On the face of it, software configuration and software customisation may sound like the same thing.
However, while they do overlap with one another in certain ways, there are crucial differences between them that you need to be aware of. If you don’t take these differences seriously when selecting a new vendor solution, you could end up making a costly mistake.
What is software customisation?
It goes without saying that the bigger a business is, the more complexities there will be to manage. If you have operations across the world, with different requirements on a global and local level, teams operating in silos, and a mishmash of different ERPs and legacy system integrations, there are always going to be challenges to overcome.
Of course, most software vendors will claim that they can fix the problems presented by your existing systems, and easily too. But once you have signed the contract, it’s easy for them to expand the timeline and take advantage of other tricks commonly used.
However, despite the claims that these ‘off the shelf’ or ‘out of the box’ solutions may make, there simply isn’t one single software vendor that can meet all of a multinational organisation’s requirements.
In many cases, what ends up happening is that the out of the box system gets customised in order to try and adapt it to a situation it wasn’t originally designed to address. As such, perhaps the words ‘square peg’ and ’round hole’ come to mind.
Customisation may sound like a good thing, as it gives the impression that what you are getting is a bespoke system that is designed to fit your exact needs. However, in order to customise software, there need to be changes to the software itself, to alter it and adapt its off the shelf functionality.
Often, this means that invasive changes need to be made to the core application, and to make these changes, developers will need to write new code. Not only does this mean there is extra cost involved – it also means there is added risk as well.
That, in a nutshell, sums up customisation. However, having said that, there are still occasions when customisation is a necessity and can’t be avoided.
How does software configuration differ from customisation?
One of the easiest ways to differentiate between customisation and configuration is to think of them like this – software customisation is when you are required to work ‘outside’ of the application in order to make changes.
Software configuration, on the other hand, is where you can make changes to the software and adapt it to meet your exact requirements, but you are working ‘inside’ the application. In other words, the tools you require already exist within the application.
You don’t need to throw custom code into the mix, or the risks that it brings such as bugs, the need for expensive upgrades, or issues that impact the core system.
The truth is, we’re already familiar with the notion of configuration as part of our daily lives, in the B2C world. The phones we use – the phone you might be using to read this – are built with configurability in mind.

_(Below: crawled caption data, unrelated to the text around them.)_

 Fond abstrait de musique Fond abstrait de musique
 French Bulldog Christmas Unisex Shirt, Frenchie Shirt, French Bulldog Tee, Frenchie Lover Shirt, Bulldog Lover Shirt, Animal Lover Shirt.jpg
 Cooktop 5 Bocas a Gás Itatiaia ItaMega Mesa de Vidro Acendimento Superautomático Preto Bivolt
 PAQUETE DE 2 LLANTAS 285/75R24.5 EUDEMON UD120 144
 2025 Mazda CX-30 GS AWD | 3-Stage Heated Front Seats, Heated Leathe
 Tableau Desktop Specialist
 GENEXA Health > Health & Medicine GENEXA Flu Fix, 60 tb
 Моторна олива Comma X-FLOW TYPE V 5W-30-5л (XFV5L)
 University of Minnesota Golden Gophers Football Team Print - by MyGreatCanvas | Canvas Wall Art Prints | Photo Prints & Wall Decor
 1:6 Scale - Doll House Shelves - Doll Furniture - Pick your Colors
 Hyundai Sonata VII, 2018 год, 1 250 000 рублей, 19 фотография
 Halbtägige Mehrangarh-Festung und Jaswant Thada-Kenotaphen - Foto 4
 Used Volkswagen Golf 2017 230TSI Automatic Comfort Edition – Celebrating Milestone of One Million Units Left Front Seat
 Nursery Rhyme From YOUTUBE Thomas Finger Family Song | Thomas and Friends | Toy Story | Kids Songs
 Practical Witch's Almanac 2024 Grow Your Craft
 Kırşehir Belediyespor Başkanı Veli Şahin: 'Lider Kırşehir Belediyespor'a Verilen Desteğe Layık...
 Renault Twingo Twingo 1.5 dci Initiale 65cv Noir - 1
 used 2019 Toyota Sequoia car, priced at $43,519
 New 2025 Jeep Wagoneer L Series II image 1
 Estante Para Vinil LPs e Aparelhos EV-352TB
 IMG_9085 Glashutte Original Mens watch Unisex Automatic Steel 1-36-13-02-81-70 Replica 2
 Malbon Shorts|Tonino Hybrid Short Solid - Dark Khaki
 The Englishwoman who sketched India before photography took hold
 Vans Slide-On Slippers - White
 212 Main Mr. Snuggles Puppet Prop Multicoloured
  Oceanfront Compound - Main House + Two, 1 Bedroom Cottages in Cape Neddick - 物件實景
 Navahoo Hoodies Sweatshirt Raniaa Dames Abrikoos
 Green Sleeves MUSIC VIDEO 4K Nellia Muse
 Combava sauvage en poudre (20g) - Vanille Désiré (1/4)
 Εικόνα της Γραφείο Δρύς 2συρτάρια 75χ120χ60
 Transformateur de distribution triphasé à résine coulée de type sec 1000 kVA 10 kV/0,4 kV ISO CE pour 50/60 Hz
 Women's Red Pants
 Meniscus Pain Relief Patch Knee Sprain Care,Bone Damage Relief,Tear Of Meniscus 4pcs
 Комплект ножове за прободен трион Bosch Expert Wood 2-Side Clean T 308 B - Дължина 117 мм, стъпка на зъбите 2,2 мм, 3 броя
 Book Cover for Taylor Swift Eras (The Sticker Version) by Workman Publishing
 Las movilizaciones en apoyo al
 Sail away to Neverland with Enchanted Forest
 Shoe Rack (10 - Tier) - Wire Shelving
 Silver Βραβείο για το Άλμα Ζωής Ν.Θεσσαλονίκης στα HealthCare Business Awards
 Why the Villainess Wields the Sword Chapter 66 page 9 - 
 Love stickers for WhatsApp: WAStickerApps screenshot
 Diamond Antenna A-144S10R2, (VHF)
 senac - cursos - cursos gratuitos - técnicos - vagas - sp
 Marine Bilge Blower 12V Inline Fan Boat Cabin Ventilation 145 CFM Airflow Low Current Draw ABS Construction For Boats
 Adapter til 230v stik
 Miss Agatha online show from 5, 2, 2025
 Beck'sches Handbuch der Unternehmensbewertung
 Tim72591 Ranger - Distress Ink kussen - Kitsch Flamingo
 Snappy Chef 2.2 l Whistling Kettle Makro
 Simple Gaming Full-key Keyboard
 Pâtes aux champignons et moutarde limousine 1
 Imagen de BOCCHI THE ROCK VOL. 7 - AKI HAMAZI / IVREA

Once you have the operating system (e.g. the platform, such as a low-code platform), all you need to do is download the apps you need. They can be easily installed and easily deleted. All you are doing is configuring the system to meet your requirements.
Empowering the business user with procuretech
We’ve looked at the differences between software customisation and software configuration, but what are the tangible benefits of using a configurable system? To provide some at a glance, consider the following advantages of software configuration:
Giving power to the business user and freeing them from IT – if a system provides a seamless and friendly user-experience, then not only will business users be happier to use it, but it will also make them less reliant on IT
The ability to make quick and easy changes as the business need changes – platforms that require no hard coding and which work on a modular basis can, in principle, be easily adapted and updated to fit your organisation’s needs as they change
No need for expensive changes – if you’re tied into using a system that requires constant customisation, either from IT or, even worse, the vendor itself, then the costs of such changes are going to stack up quickly. With configurable software however, the costs of minor changes or tweaks should be much lower
Updates can be made more quickly – as just mentioned, thanks to the fact that little to no hard coding is required, updates can also be made much more quickly
However, while this may sound like a dream come true, the reality is we are not quite there yet. There will always be the possibility of additional complexities that make genuine, 100% user-friendly configuration difficult to achieve. But for organisations that are at least willing to try to move towards such a procuretech landscape, the potential ROI and benefits are huge.